Insomma sinistra e destra non sono morte, né sono la stessa cosa. Sono i politici di turno a rafforzare o svigorire l’identità del partito che guidano a seconda del sistema elettorale e dalla loro necessità di rafforzare la propria base o conquistare un elettorato più ampio.
Un esempio è il partito laburista inglese. Con la vittoria di Tony Blair nel 1997 si disse che la sinistra era morta e ora lo stesso partito è guidato dal Jeremy Corbyn che ha perso le elezioni ma ha rafforzato la sua base giocando la campagna elettorale sui temi tipici della sinistra.

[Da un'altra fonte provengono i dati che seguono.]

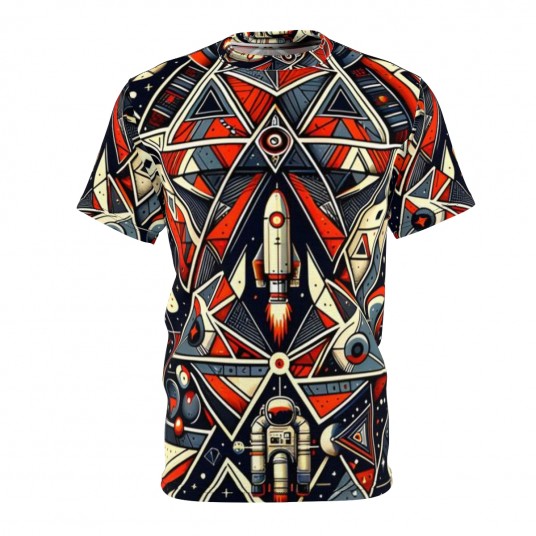 Gauss Flux - Polyester AOP Tee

Stesso discorso per un altro esponente della “terza via” post socialista, il pragmatico Gerhard Schröder. La sua riforma economica che guardava alla felssibilità nel mercato del lavoro, spaccò la Spd nel 2003 e dalla scissione nacque il partito di estrema sinistra Die Linke. Quelle riforme furono portate avanti da Merkel e ora sono rinnegate proprio da Schulz, desideroso di smarcarsi dall’alleata di Governo, senza successo.